However, that still leaves some questions unanswered:

  • Are sequence points even relevant? The basic rule is:

    6.5 Expressions

    1. Between the previous and next sequence point an object shall have its stored value modified at most once by the evaluation of an expression. Furthermore, the prior value shall be read only to determine the value to be stored.

    a[2] = 1 is an expression, but initialization is not.

    This is slightly contradicted by Annex J:

    J.2 Undefined behavior

    • Between two sequence points, an object is modified more than once, or is modified and the prior value is read other than to determine the value to be stored (6.5).

    Annex J says any modification counts, not just modifications by expressions. But given that annexes are non-normative, we can probably ignore that.

  • How are the subobject initializations sequenced with respect to initializer expressions? Are all initializers evaluated first (in some order), then the subobjects are initialized with the results (in initializer list order)? Or can they be interleaved?


I think int a[5] = { a[2] = 1 } is executed as follows:

  1. Storage for a is allocated when its containing block is entered. The contents are indeterminate at this point.
  2. The (only) initializer is executed (a[2] = 1), followed by a sequence point. This stores 1 in a[2] and returns 1.
  3. That 1 is used to initialize a[0] (the first initializer initializes the first subobject).

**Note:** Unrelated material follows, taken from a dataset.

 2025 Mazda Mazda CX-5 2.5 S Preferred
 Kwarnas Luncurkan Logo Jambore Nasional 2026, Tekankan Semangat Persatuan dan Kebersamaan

But here things get fuzzy because the remaining elements (a[1], a[2], a[3], a[4]) are supposed to be initialized to 0, but it's not clear when: Does it happen before a[2] = 1 is evaluated? If so, a[2] = 1 would "win" and overwrite a[2], but would that assignment have undefined behavior because there is no sequence point between the zero initialization and the assignment expression? Are sequence points even relevant (see above)? Or does zero initialization happen after all initializers are evaluated? If so, a[2] should end up being 0.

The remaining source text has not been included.